In Kreiner, 471 Mich at 132-133, this Court held that in determining whether the
impairment affects the plaintiff’s general ability to lead his normal life, “a court should
engage in a multifaceted inquiry, comparing the plaintiff’s life before and after the
accident as well as the significance of any affected aspects on the course of the plaintiff’s
overall life.” In addition, Kreiner indicated that certain factors, such as the duration of
the impairment, may be of assistance in evaluating whether the plaintiff’s general ability
to lead his normal life has been affected. Id. at 133.
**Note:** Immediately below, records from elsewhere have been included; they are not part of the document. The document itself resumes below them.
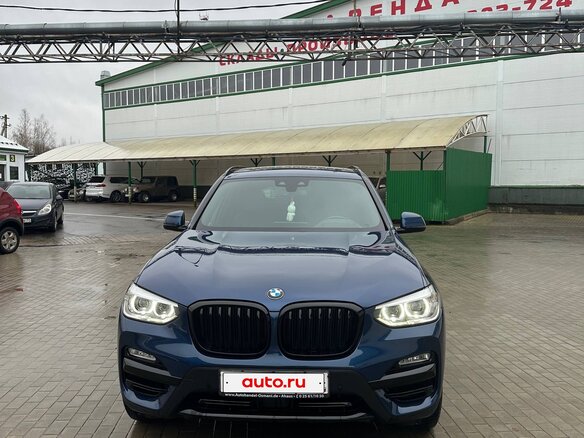 2018 BMW X3 20d xDrive III (G01), синий, 3800000 рублей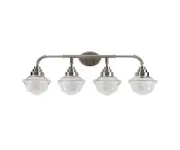 Sunset Lighting 4-Light Vanity, 60W Bright Satin Nickel - F13004-80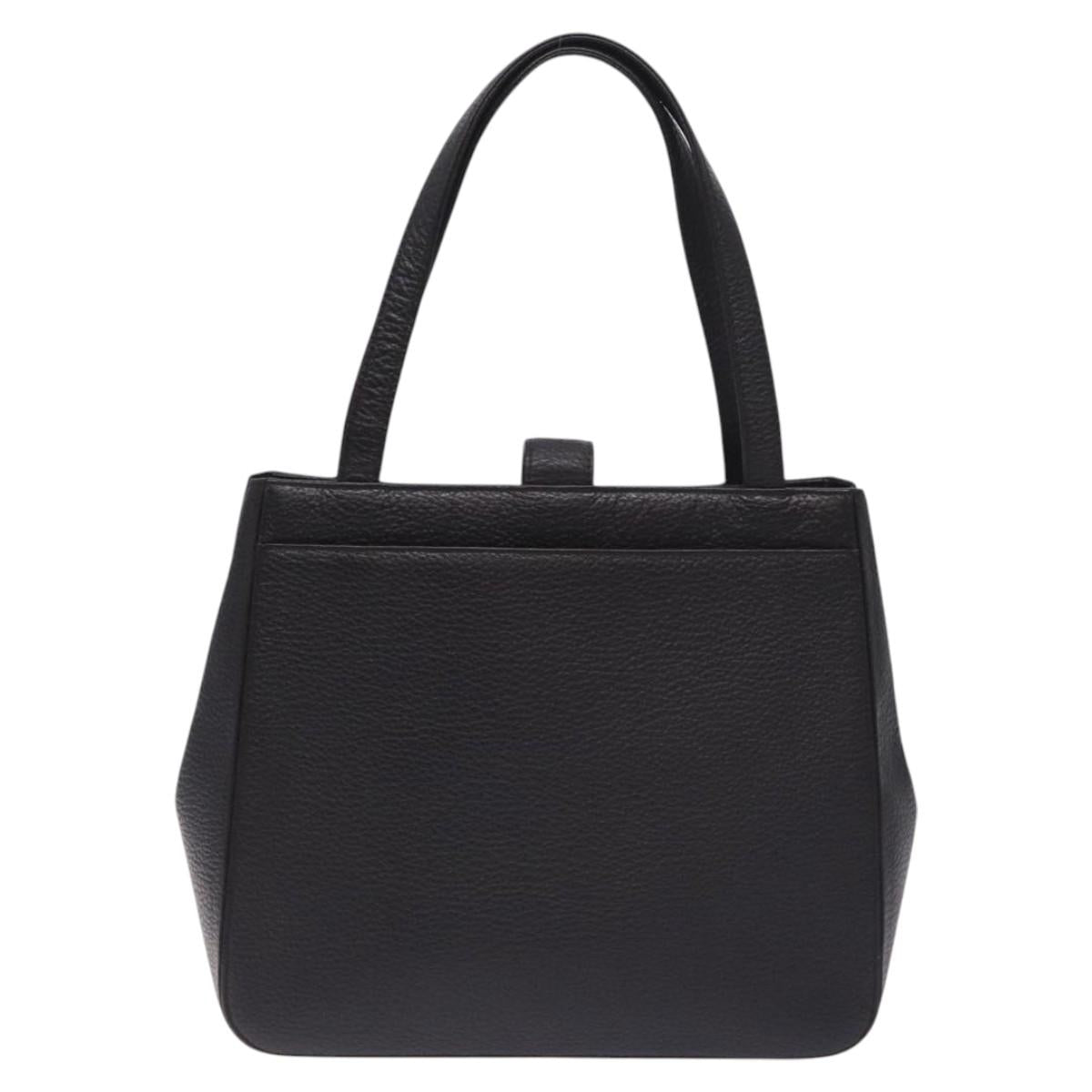 Saint Laurent Tote Bag Leather Purple Silver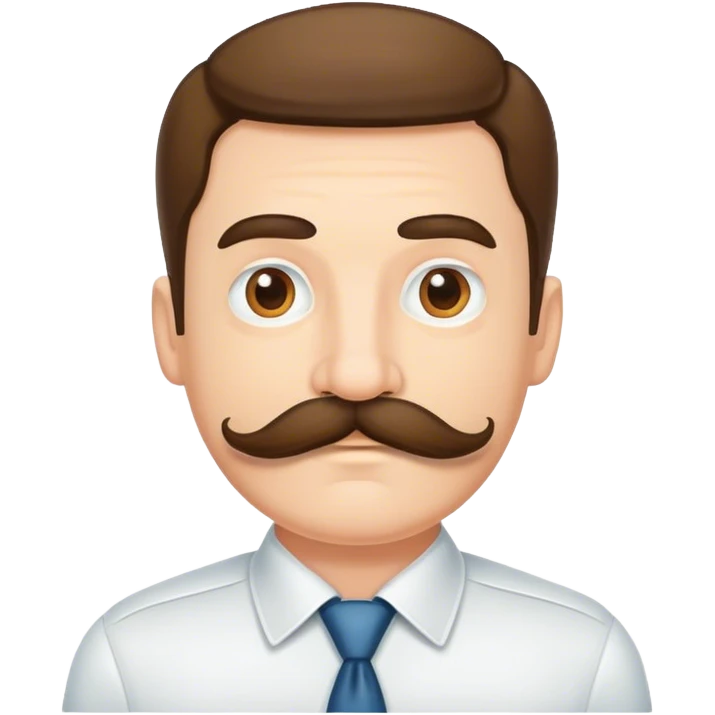 Kkk guy white with mustache  emoji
The majority overrules Kreiner, rejecting these factors and holding that temporal
considerations are wholly or largely irrelevant in determining whether an impairment
affects the plaintiff’s general ability to lead his or her normal life. The majority
apparently holds instead that as long as a plaintiff’s general ability to lead his normal life
has been affected for even a single moment in time, the plaintiff has suffered a serious
impairment of body function. This conclusion is at odds with the actual language of the
statute and nullifies the legislative compromise embodied in the no-fault act. Because I
believe that Kreiner was correctly decided and that temporal considerations are, in fact,
highly relevant, and indeed necessary, in determining whether an impairment affects the
plaintiff’s general ability to lead his normal life, I would sustain Kreiner. By nullifying
the legislative compromise over the no-fault act-- a compromise grounded in concerns
over excessive litigation, the over-compensation of minor injuries, and the availability of
64
affordable insurance-- the Court’s decision today will revive a legal environment in
which each of these hazards reappear and threaten the continued fiscal integrity of our
no-fault system.
Because I do not believe that the lower courts erred in concluding that plaintiff has
not suffered a serious impairment of body function, I would affirm the judgment of the
Court of Appeals.
CORRIGAN and YOUNG, JJ., concurred with MARKMAN, J.